7. Perhaps the most important tip to remember is “Don’t worry if you gain two or three pounds,” says Andujo. “That is perfectly normal. Don’t sweat the small stuff.” After all, the holidays are a special occasion to enjoy with some of your favorite foods. It is okay to indulge a little, but in sensible portions. Studies show that the average American gains approximately one or two pounds during the holidays – so no need to panic - but this can add up if unmindful.

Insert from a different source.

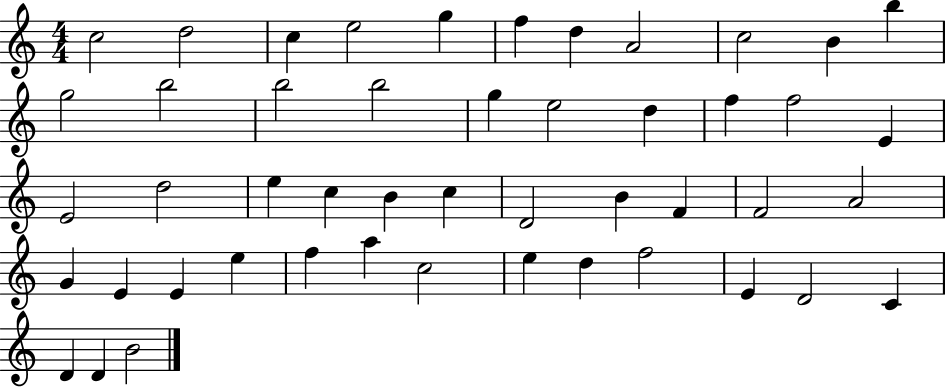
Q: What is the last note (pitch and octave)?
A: B4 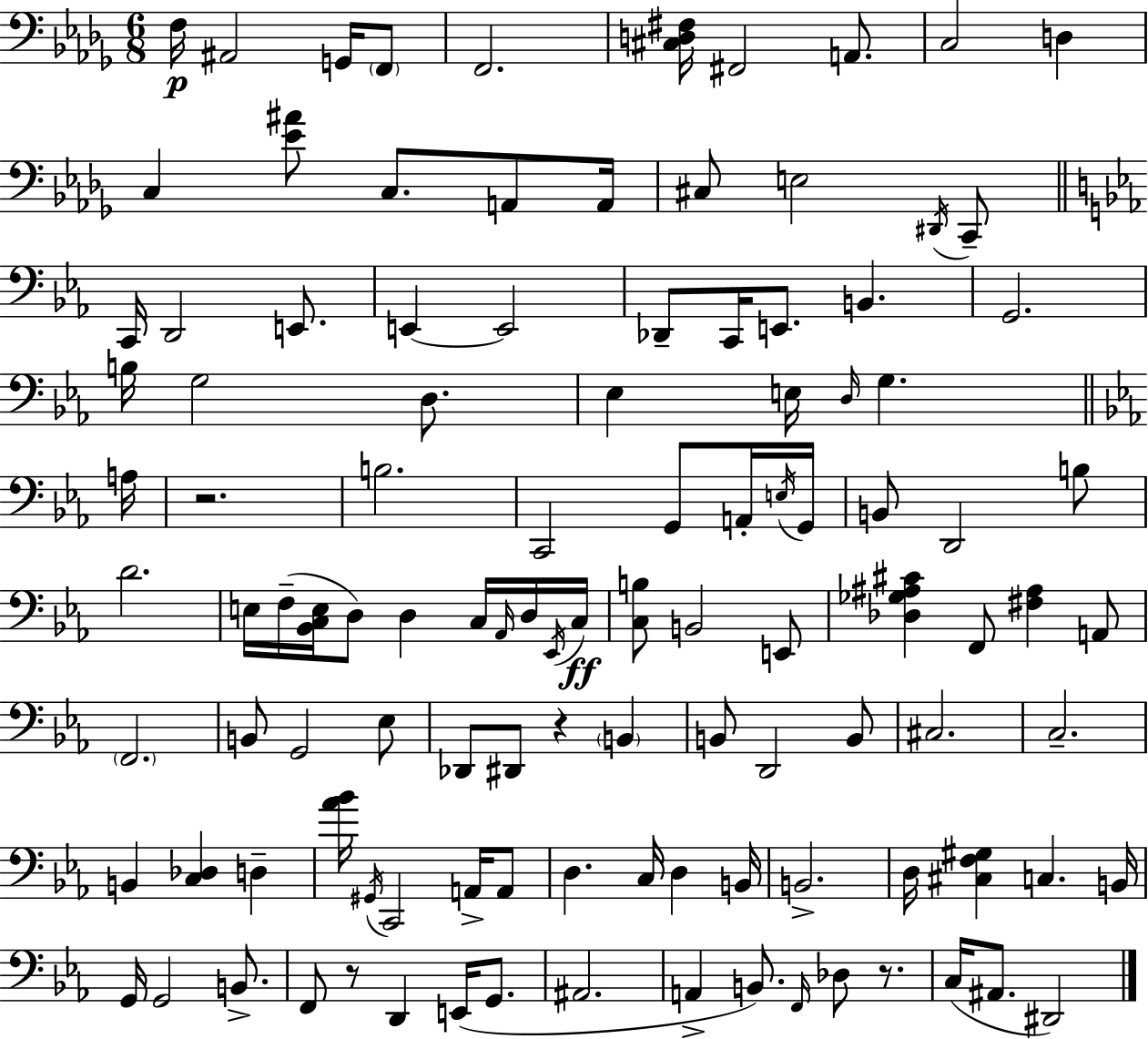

Pay attention and stick to your plan as emphasized by the American Heart Association.According to the Calorie Control Council, the average holiday dinner alone can carry 3,000 calories, and this doesn’t include pre-meal snacking or drinking, which can add up to another 1,500 calories, totaling nearly 4,500 calories. To put this into perspective, that is equivalent to eating three sticks of butter.